I already found the question Automatically Decode GZIP In TRESTResponse?, but that answer doesn't solve my issue for some reason.
Test setup
In XE5, I added a TRestClient, a TRestRequest and a TRestResponse with the following relevant properties. I set the BaseURL of the client, the resource and parameters of the request, and I set AcceptEncoding
of the request to gzip, deflate
, which should make it automatically decode gzipped responses.
object RESTClient1: TRESTClient
BaseURL = 'https://api.stackexchange.com/2.2'
end
object RESTRequest1: TRESTRequest
AcceptEncoding = 'gzip, deflate'
Client = RESTClient1
Params = <
item
Kind = pkURLSEGMENT
name = 'id'
Options = [poAutoCreated]
Value = '511529'
end
item
name = 'site'
Value = 'stackoverflow'
end>
Resource = 'users/{id}'
Response = RESTResponse1
end
object RESTResponse1: TRESTResponse
end
This results in the url:
https://api.stackexchange.com/2.2/users/511529?site=stackoverflow
I invoke the request like this, with two message boxes to show the url and the outcome of the request:
ShowMessage(RESTRequest1.GetFullRequestURL());
RESTRequest1.Execute; // Actual call
ShowMessage(RESTResponse1.Content);
If I call that url in a browser, I get a proper result, which is a json object with some of my user information in it.
Problem
However, in Delphi, I don't get the JSON response. In fact, I get a bunch of bytes which seems to be a mangled gzip response. I tried to decompress it with TIdCompressorZlib.DecompressGZipStream()
, but it fails with a ZLib Error (-3)
. When I inspect the bytes of the response myself, I see it starts with #1F#3F#08. This is especially weird, since the gzip header should be #1F#8B#08, so #8B is transformed into #3F, which is a question mark.
So it seems to me like the RESTClient has attempted to decode the gzip stream as if it was a UTF-8 response, and has replaced invalid sequences (#8B is in itself not a valid UTF-8 character) with a question mark.
Attempts (superficial)
I've done quite some experimenting, like
Unfortunately it still doesn't work and I still get a mangled response.

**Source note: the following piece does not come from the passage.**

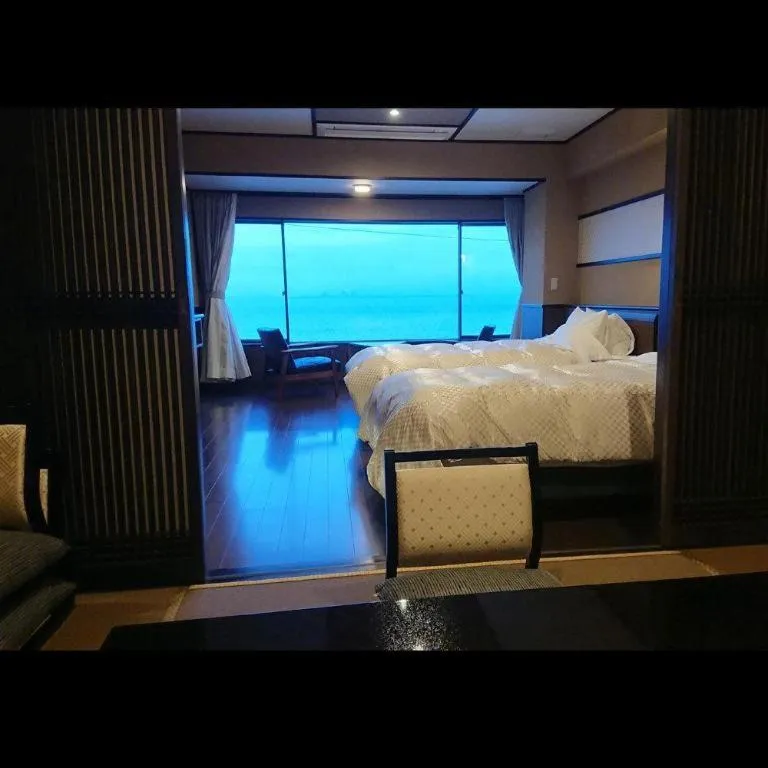 Bed in Shinojima Royal Hotel Kasuisou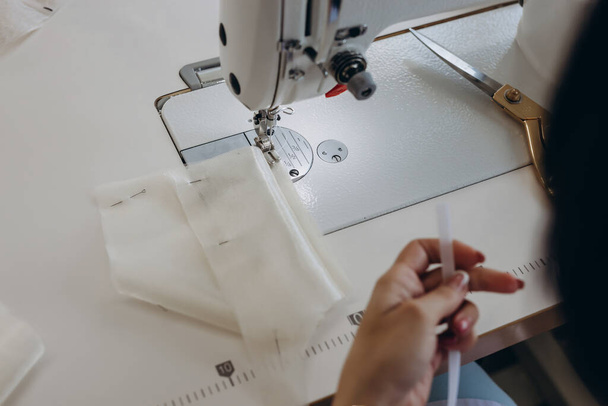 A creative master is making dress on the dressmaking table. There are scissors near her and equipment for work. She is working with fabric for wedding dress. - Photo, Image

Attemps (digging into the VCL)
Eventually, I dug a little deeper, and dove into TRestRequest.Execute. I won't paste all the code here, but eventually it performs the request by calling
FClient.HTTPClient.Get(LURL, LResponseStream);
FClient is the TRESTClient that is linked to the request and LResponseStream is a TMemoryStream. I added LResponseStream.SaveToFile('...')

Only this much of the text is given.